Hello Oric! Getting aquainted with the Oric and Oric Atmos

I never owned an Oric computer in my youth, but to Ghene’s despair, I have been aquiring old hardware off Ebay over the last couple of years. I managed to get my hands on an Oric-1 and an Oric Atmos earlier this year but only got as far as powering them on and verifying that they appeared to work.
I recently had a surprising amount of fun loading Spectrum software from tape and since I now knew I had a working tape recorder I thought I should try some of the small collection of Oric tapes I received with the Oric-1.

First up was dig dog and the Oric-1…

The first thing that struck me about loading tapes on the Oric was the lack of feedback. On the Spectrum the flashing border and tape loading sounds made it very clear what was happening. The Oric however was almost silent with only an update to the text prompt until the title screen had loaded.

t go away!

The game sounds straightforward.

Dig Dog is a bit like Pac Man except without a fixed maze. You have to guide the dog to the bones without falling into the holes dug by the rats, or getting caught by a rat (unless you are golden). Normally, I’d have though it would be rats escaping from the dog, but nevermind. The sound the dog made was more like a galloping horse than running dog, but the game itself was quite playable. My daughter tried it too. Our main criticism is that the difficulty did not appear to increase with each level so our interest waned after a bit.

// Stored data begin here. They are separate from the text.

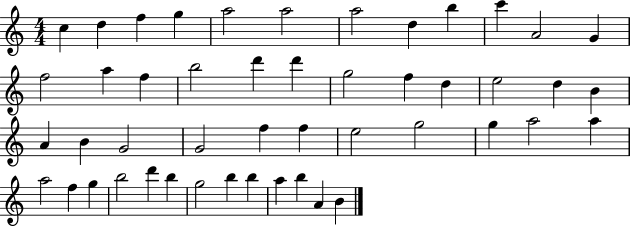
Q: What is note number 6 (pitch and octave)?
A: A5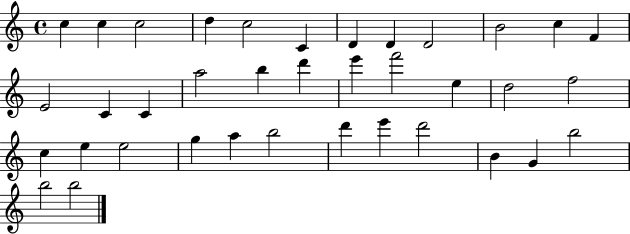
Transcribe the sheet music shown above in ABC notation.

X:1
T:Untitled
M:4/4
L:1/4
K:C
c c c2 d c2 C D D D2 B2 c F E2 C C a2 b d' e' f'2 e d2 f2 c e e2 g a b2 d' e' d'2 B G b2 b2 b2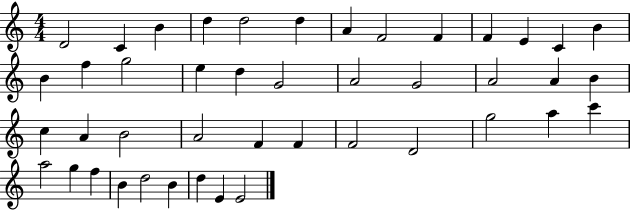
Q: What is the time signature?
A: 4/4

OK, so the Oric-1 worked and it was time to try the Atmos. Strangely, I was unable to get it to load Dig Dog even though the tape player, leads and cassette had not changed. The tape had not become damaged as I managed to load it again on the Oric-1 afterwards.

Giving up on Dig Dog with the Atmos, I moved on to “Land of Illsion” this loaded perfectly and turned out to be a text adventure with graphics.

“Land of Illusion” is also the first text adventure I’ve encountered that gets impatient if you spend too long thinking. After a few seconds it displayed a prompt that I needed to “do something” and shortly afterwards informed me that I’d been ripped apart by the “hideous wood beast.”

As well as hideous wood beasts the game also featured castles.

Perching on boxes in front of the family TV is not the the ideal way to spend time with my old computers trying to solve adventure games. I need to come up with a better solution.